L'approfondissement de la réforme de ces entreprises compte comme l'une des tâches les plus importantes avancées par la 3e session plénière du XVIIIe Comité central du PCC. Depuis un an, la réforme s'active sur deux fronts : les entreprises d'État centrales et les entreprises d'État locales.

En ce qui concerne les premières, trois démarches majeures ont été lancées. Tout d'abord, le ministère des Finances a relevé le pourcentage de perception sur le bénéfice de celles-ci en l'augmentant de 5 points, de façon à ce que celui-ci atteigne de 10 à 25 %. Ensuite, la CCGBP a désigné six entreprises, dont State Development & Investment Corporation et China National Cereal, Oils and Foodstuffs Corporation, pour réaménager des sociétés d'investissement à capitaux publics et effectuer des essais dans le développement d'économies mixtes, le mode de recrutement des membres du conseil d'administration, le contrôle de la performance et la gestion des rénumérations. Enfin, le Bureau politique du Comité central du PCC a examiné et approuvé des documents à propos de la réforme du système des rénumérations des responsables des entreprises centrales, pour encadrer l'entrée en fonction et la rémunération de ceux-ci, ainsi que les dépenses de leurs activités.

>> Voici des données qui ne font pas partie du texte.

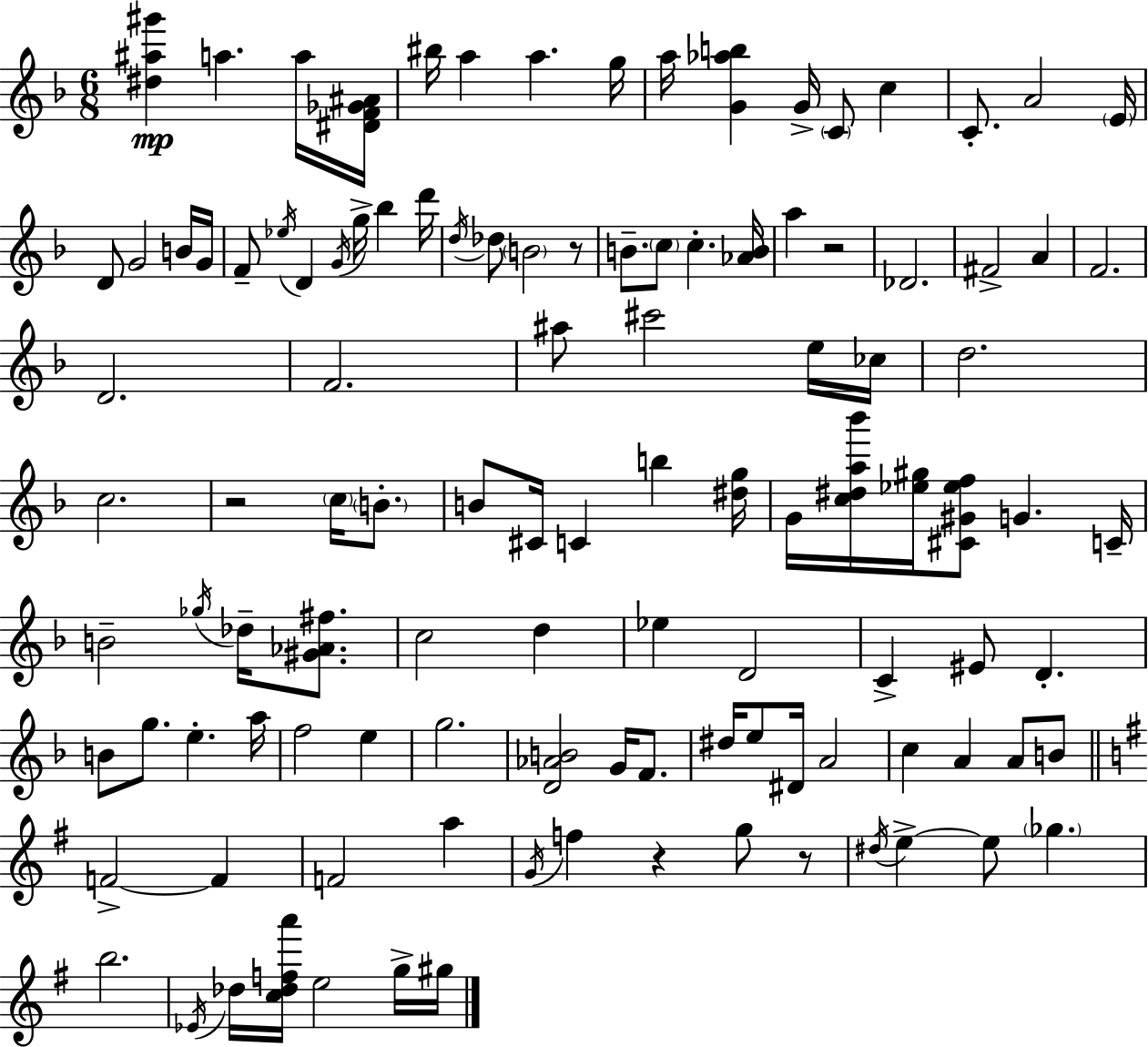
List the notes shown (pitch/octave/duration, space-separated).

[D#5,A#5,G#6]/q A5/q. A5/s [D#4,F4,Gb4,A#4]/s BIS5/s A5/q A5/q. G5/s A5/s [G4,Ab5,B5]/q G4/s C4/e C5/q C4/e. A4/h E4/s D4/e G4/h B4/s G4/s F4/e Eb5/s D4/q G4/s G5/s Bb5/q D6/s D5/s Db5/e B4/h R/e B4/e. C5/e C5/q. [Ab4,B4]/s A5/q R/h Db4/h. F#4/h A4/q F4/h. D4/h. F4/h. A#5/e C#6/h E5/s CES5/s D5/h. C5/h. R/h C5/s B4/e. B4/e C#4/s C4/q B5/q [D#5,G5]/s G4/s [C5,D#5,A5,Bb6]/s [Eb5,G#5]/s [C#4,G#4,Eb5,F5]/e G4/q. C4/s B4/h Gb5/s Db5/s [G#4,Ab4,F#5]/e. C5/h D5/q Eb5/q D4/h C4/q EIS4/e D4/q. B4/e G5/e. E5/q. A5/s F5/h E5/q G5/h. [D4,Ab4,B4]/h G4/s F4/e. D#5/s E5/e D#4/s A4/h C5/q A4/q A4/e B4/e F4/h F4/q F4/h A5/q G4/s F5/q R/q G5/e R/e D#5/s E5/q E5/e Gb5/q. B5/h. Eb4/s Db5/s [C5,Db5,F5,A6]/s E5/h G5/s G#5/s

Pour les entreprises d'État locales, la réforme couvre un éventail encore plus large. Après la 3e session plénière du XVIIIe Comité central, une vingtaine de provinces et de villes ont lancé des avis directeurs comprenant des mesures réformatrices dans six domaines. Tout d'abord, établir et améliorer le système budgétaire de l'exploitation des capitaux d'État et relever le pourcentage de perception sur les bénéfices. Dans certaines provinces et villes, ce pourcentage atteint déjà 30 %. Certaines localités ont proposé d'introduire des capitaux d'État dans la protection sociale ou d'utiliser une partie des bénéfices de ces capitaux dans la restructuration industrielle, les infrastructures ou les travaux pour le bien-être social. Un autre domaine de la réforme des entreprises d'État locales est de définir la fonction des entreprises pour mieux gérer celles-ci. Un autre aspect de la réforme consiste à développer les économies mixtes et à établir un système où les actions sont détenues par les employés. Mettre en œuvre le rôle du marché des capitaux dans la répartition des ressources et promouvoir le réajustement stratégique structurel des capitaux d'État sont également des nouveaux sujets de la réforme. L'amélioration du système de gestion des capitaux d'État en encadrant et en mettant en valeur les plates-formes d'investissement et d'opérations des capitaux d'État fait également partie des domaines à réformer. Enfin, pousser les entreprises d'État locales à moderniser leur système de fonctionnement et à revoir leur système de sélection des cadres supérieurs est également un des enjeux majeurs.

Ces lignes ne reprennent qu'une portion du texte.